Si riapre l’inchiesta sul tragico incidente che il 7 maggio 2013, nel porto di Genova, provocò la morte di nove persone, dipendenti impiegati nella Torre Piloti di controllo delle operazioni navali. Durante la manovra per uscire dal canale dove era ormeggiata, la nave trasporti Jolly Nero appartenente alla compagnia Messina urtò contro l’edificio provocandone il crollo totale.
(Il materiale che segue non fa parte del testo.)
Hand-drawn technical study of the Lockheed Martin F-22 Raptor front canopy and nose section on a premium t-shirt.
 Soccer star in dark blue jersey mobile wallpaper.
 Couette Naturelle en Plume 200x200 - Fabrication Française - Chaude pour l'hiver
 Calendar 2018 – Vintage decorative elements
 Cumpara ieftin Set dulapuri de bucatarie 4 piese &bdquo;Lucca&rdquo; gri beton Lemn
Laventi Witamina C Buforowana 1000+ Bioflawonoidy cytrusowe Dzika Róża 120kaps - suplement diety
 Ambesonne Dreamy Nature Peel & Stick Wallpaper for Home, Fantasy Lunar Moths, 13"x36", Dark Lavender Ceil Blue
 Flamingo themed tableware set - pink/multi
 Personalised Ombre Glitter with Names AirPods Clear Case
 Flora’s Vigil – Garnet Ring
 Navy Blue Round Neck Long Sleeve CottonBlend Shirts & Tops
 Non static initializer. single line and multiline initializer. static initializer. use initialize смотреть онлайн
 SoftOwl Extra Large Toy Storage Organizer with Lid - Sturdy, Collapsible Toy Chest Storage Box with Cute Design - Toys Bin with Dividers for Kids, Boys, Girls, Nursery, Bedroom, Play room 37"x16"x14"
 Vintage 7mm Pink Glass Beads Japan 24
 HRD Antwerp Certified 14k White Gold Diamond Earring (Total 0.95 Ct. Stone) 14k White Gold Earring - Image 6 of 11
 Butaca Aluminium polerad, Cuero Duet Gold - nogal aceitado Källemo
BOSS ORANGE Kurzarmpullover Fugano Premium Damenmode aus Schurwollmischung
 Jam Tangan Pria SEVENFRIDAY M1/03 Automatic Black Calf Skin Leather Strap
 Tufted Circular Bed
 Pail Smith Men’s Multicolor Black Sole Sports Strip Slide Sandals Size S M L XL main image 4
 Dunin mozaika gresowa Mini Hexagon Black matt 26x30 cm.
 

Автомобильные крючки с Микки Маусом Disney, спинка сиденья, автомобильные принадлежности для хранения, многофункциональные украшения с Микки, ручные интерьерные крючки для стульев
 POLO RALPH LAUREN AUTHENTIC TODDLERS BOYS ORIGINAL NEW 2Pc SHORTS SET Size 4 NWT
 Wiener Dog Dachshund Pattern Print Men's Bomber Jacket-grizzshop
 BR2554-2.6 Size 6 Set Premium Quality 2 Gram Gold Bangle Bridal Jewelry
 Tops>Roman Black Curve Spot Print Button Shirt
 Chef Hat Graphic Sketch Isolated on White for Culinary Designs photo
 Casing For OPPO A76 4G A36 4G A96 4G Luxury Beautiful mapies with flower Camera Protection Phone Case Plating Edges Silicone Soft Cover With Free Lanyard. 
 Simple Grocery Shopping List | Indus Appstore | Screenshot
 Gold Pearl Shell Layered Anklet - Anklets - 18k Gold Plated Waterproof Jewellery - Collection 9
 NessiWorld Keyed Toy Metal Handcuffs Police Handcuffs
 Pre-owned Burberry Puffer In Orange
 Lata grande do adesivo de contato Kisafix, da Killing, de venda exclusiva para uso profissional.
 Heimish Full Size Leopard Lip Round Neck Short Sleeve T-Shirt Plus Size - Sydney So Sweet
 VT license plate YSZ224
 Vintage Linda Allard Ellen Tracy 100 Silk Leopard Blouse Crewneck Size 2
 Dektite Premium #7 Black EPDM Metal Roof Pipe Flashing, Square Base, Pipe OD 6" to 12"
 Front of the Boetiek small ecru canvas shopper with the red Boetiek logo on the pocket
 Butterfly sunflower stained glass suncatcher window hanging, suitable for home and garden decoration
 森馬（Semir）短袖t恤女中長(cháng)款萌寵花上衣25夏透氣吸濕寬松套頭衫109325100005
La prima parte del processo si era chiusa nel maggio 2017, ben quattro anni dopo, con una sentenza di primo grado in cui erano stati condannati il comandante della Jolly Nero Roberto Paoloni (10 anni e 4 mesi), il primo ufficiale della nave cargo Lorenzo Repetto (8 anni e 6 mesi) e il direttore di macchina Franco Giammoro (7 anni) oltre che il pilota del porto Antonio Anfossi (4 anni e 2 mesi). La compagnia Messina era stata condannata a pagare un risarcimento pari a un milione e 500mila euro, come responsabile dell’illecito amministrativo del comandante.
I RINVIATI A GIUDIZIO
Adesso si apre il secondo filone processuale, il prossimo 13 settembre con il rinvio a giudizio di nuovi elementi, il commissario e i dirigenti tecnici del Consorzio autonomo del porto di Genova (Bruno Capocaccia, Angelo Spaggiari, Paolo Grimaldi, Edoardo Praino) responsabili del progetto precontrattuale per la costruzione; il presidente e il membro della sezione del Consiglio superiore dei lavori pubblici che espressero parere favorevole al progetto (Ugo Tomasicchio, Mario Como) e i datori di lavoro delle nove vittime e anche i responsabili della sicurezza: l’ammiraglio Felicio Angrisano e l’ufficiale Paolo Tallone della Capitaneria di Porto, Gianni Lettich e Sergio Morini della corporazione Piloti e Gregorio Gavarone e Roberto Matzedda della Rimorchiatori riuniti. Le due società rinviate a giudizio sono la Corporazione piloti e la Rimorchiatori riuniti. Come si vede non si salva quasi nessuno tra dirigenti, direttori e responsabili del porto di Genova, del settore controllo e sicurezza, si intende dare un segnale forte a proposito della sicurezza sul lavoro la cui mancanza o poca serietà provocò una delle più gravi stragi del lavoro in Italia.